1. Field of the Invention
The present invention relates generally to echo canceller systems in communication networks. More particularly, the present invention relates to methods and systems for fast reconvergence of echo cancellers after TDM slips and echo level changes.
2. Background Art
Subscribers use speech quality as the benchmark for assessing the overall quality of a telephone network. A key technology to provide a high quality speech is echo cancellation. Echo canceller performance in a telephone network, either a TDM or packet telephony network, has a substantial impact on the overall voice quality. An effective removal of hybrid and acoustic echo inherent in telephone networks is a key to maintaining and improving perceived voice quality during a call.
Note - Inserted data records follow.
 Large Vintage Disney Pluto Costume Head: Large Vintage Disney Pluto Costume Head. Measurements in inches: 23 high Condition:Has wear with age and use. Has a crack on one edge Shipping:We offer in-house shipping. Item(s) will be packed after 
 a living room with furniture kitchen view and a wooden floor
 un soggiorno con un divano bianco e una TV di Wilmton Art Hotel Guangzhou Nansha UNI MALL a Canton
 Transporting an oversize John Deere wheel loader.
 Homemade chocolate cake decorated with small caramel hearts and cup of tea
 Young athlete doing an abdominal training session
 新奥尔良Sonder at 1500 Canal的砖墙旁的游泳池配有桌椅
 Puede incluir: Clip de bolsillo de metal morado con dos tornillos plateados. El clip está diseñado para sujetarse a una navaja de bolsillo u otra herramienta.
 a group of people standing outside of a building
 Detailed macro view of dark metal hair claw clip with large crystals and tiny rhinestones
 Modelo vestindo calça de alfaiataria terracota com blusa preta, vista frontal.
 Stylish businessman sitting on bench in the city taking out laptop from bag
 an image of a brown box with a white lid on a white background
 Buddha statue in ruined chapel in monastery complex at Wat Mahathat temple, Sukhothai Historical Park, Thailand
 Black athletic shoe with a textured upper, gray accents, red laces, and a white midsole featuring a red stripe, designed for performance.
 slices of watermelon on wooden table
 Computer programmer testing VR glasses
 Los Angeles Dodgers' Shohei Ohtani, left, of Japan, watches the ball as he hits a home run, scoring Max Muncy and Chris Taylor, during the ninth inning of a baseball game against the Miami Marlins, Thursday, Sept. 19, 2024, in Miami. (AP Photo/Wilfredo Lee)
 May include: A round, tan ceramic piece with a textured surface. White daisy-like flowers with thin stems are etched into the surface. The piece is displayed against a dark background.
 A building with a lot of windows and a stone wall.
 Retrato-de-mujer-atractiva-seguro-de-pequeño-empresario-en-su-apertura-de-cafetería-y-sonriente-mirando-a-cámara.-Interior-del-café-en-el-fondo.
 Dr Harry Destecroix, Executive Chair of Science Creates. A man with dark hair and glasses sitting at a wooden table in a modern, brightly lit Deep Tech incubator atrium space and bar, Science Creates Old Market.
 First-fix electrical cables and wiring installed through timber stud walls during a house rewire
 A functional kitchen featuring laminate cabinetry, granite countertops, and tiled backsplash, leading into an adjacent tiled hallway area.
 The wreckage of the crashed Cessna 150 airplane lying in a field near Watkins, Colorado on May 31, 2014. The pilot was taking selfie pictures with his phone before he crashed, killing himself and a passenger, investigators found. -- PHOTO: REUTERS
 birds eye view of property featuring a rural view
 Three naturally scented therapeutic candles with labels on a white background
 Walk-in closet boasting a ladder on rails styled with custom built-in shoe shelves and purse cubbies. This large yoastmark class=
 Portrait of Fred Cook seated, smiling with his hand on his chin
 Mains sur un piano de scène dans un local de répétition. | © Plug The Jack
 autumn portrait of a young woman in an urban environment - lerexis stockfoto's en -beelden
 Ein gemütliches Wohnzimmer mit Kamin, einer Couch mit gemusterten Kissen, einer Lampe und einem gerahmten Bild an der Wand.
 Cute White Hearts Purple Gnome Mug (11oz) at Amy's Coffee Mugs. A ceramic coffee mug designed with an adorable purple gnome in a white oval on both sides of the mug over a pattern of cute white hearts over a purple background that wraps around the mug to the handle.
Echoes occur in telephone networks due to impedance mismatches of network elements and acoustical coupling within telephone handsets. Hybrid echo is the primary source of echo generated from the public-switched telephone network (PSTN). As shown in FIG. 1, hybrid echo 110 is created by a hybrid, which converts a four-wire physical interface into a two-wire physical interface. The hybrid reflects electrical energy back to the speaker from the four-wire physical interface. Acoustic echo, on the other hand, is generated by analog and digital telephones, with the degree of echo related to the type and quality of such telephones. As shown in FIG. 1, acoustic echo 120 is created by a voice coupling between the earpiece and microphone in the telephones, where sound from the speaker is picked by the microphone, for example, by bouncing off the walls, windows, and the like. The result of this reflection is the creation of multi-path echo, which would be heard by the speaker unless eliminated.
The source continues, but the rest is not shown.